I am a computer science university student attempting to construct a term project that includes using text to speech. I happened to come across your excellent end to end speech processing toolkit and have listened to some of the samples of tts output (https://espnet.github.io/espnet-tts-sample/). I've explored the on line demo at https://colab.research.google.com/github/espnet/notebook/blob/master/tts_realtime_demo.ipynb, which is great. I have also installed the "Synthesized speech using pretrained models" portion of the Pretrained Model in your ESPnet (0.6.2) end-to-end speech processing toolkit Documentation (https://espnet.github.io/espnet/notebook/pretrained.html), and have used that to explore using several of your available pretrained feature generation and vocoder models.

My project involves using tts in a program that will run on a non-GPU accelerated computer, and I notice that you list tts_decode.py as a Core Tool of the ESPnet system (https://espnet.github.io/espnet/apis/espnet_bin.html) that synthesizes text using a TTS model on a single CPU. That sounds ideal for my use case.

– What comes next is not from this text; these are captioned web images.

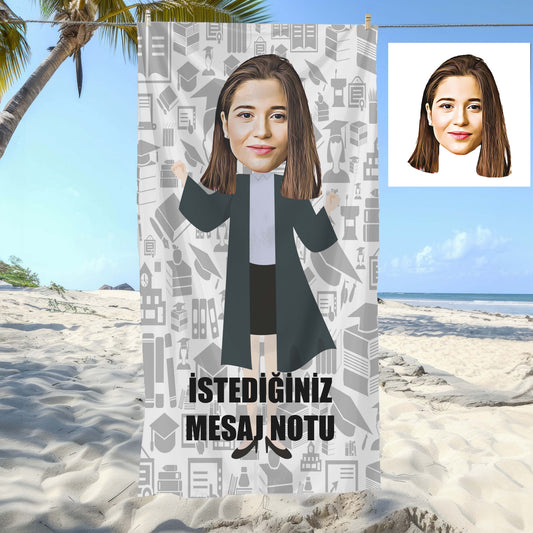 Kişiye Özel Mesajlı Karikatür Fotoğraflı Avukat Plaj Ve Spor Havlusu 115022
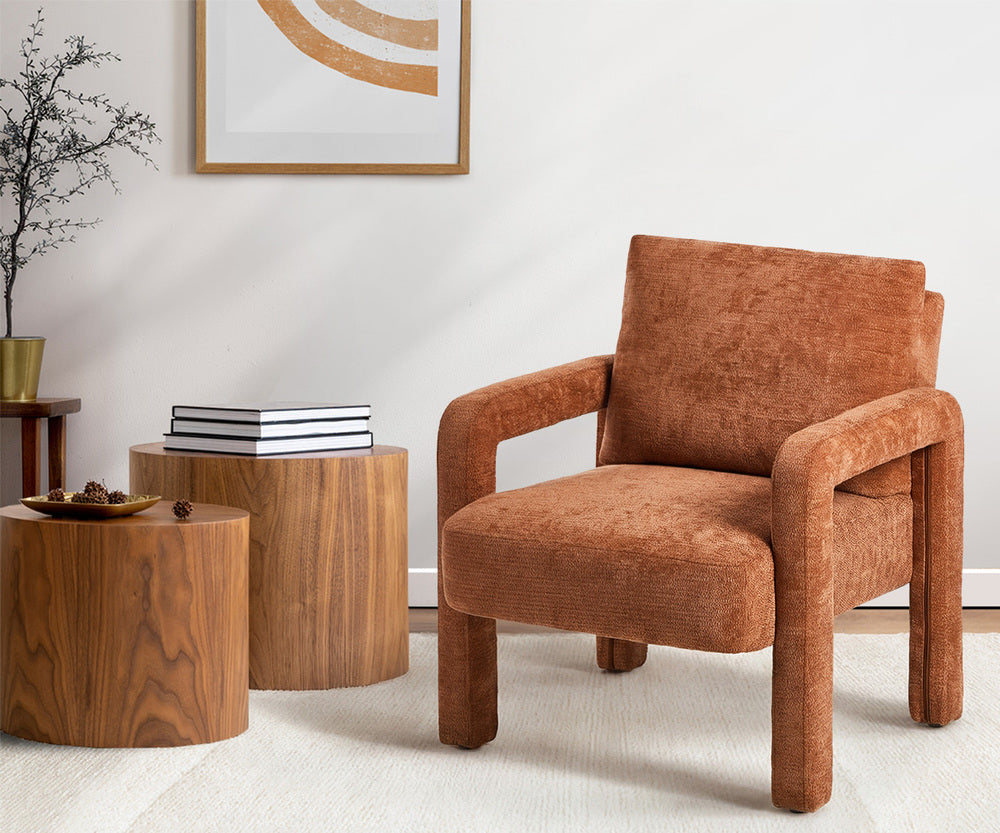 Armchair Velvet Chairs 1 Seater Lounge Sofa Chair Orange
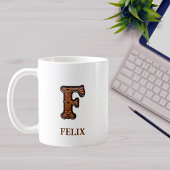 Lederen Westers Initiaal Monogram F Koffiemok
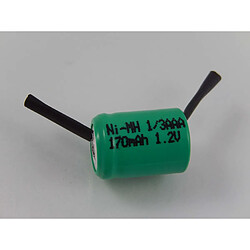 vhbw 1/3AAA NI-MH pile 170mAh (1.2V) cosse à souder en U pour modélisme, éclairage solaire, téléphone, etc.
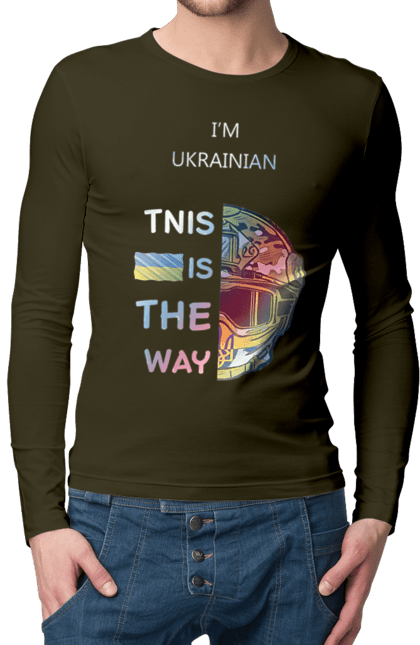 Чоловічий лонгслів з принтом "Я українець це шлях колорфул". Зсу, мандалоріан, символ україни зсу, солдат зсу, україна, українець це шлях, це шлях, я українець. 2070702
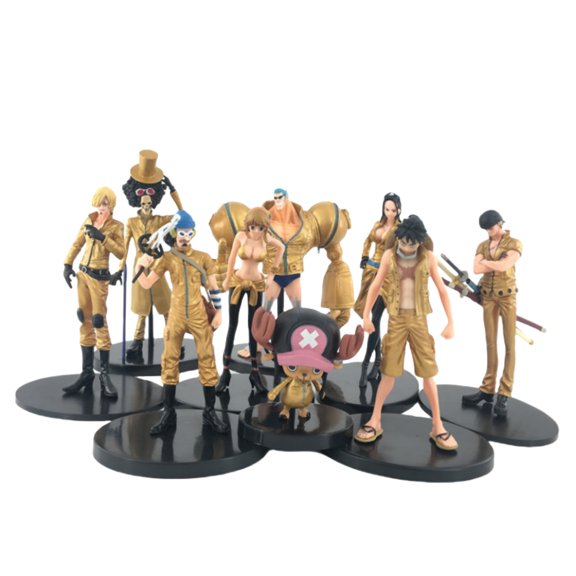 Njube Anime Action PVC Figure Luffy Figure Usopp Figure Sanji Figure Nami Figure And So On Figure Collectible Character Model Ornaments Statue Collection Gift Creative Pack of 9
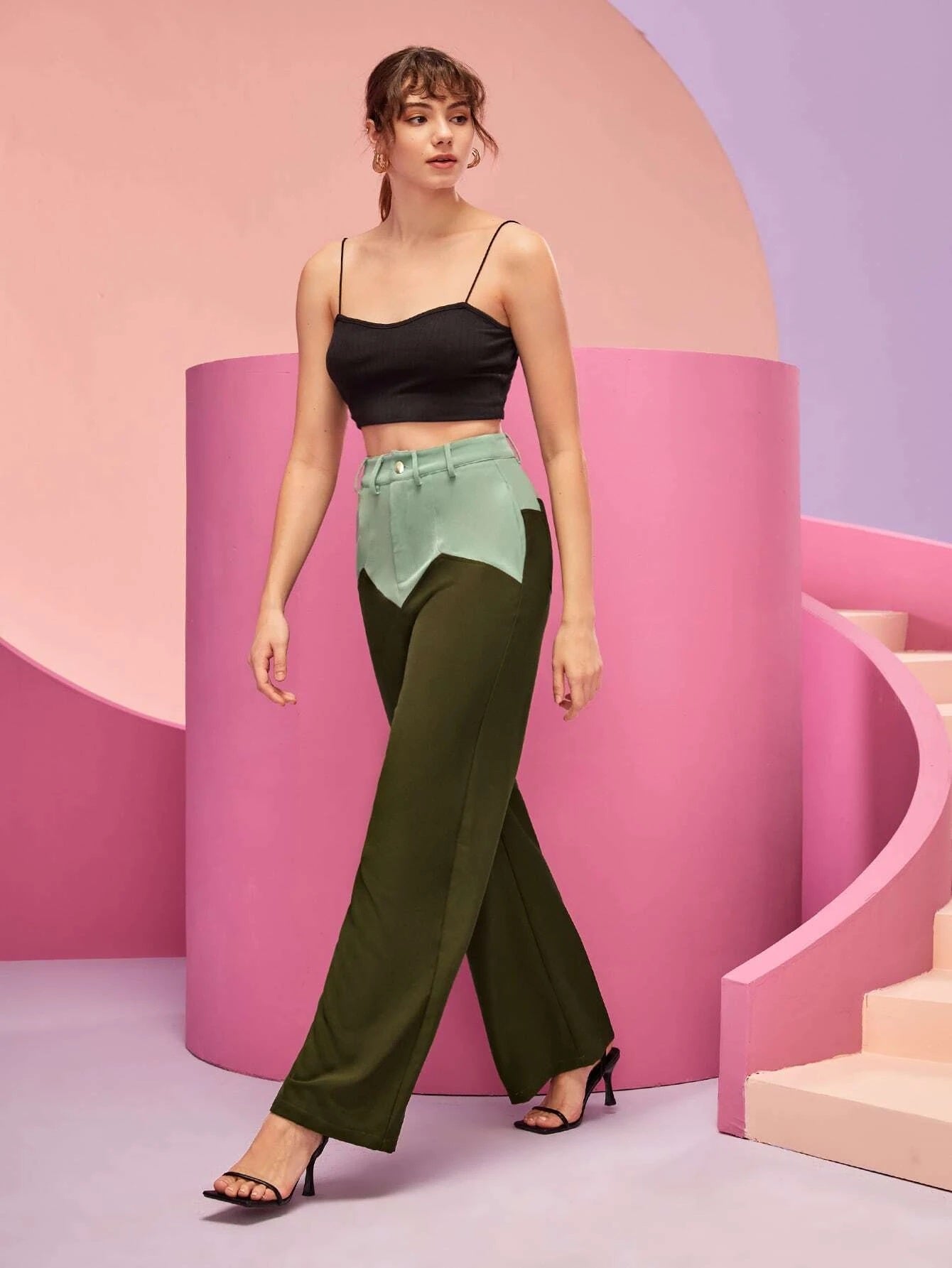 CM-BS044454 Women Elegant Seoul Style High Waist Color Block Wide Leg Pants - Army Green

The description of tts_decode.py and named arguements provided is great, but not quite enough for me to know how to use it. I have not located a description of how to use tts_decode.py, or any examples. Is there additional documentation that would describe pre-requisites for using, and some simple examples that use the tts_decode.py tool somewhere that you might direct me to?

Thanks, Kim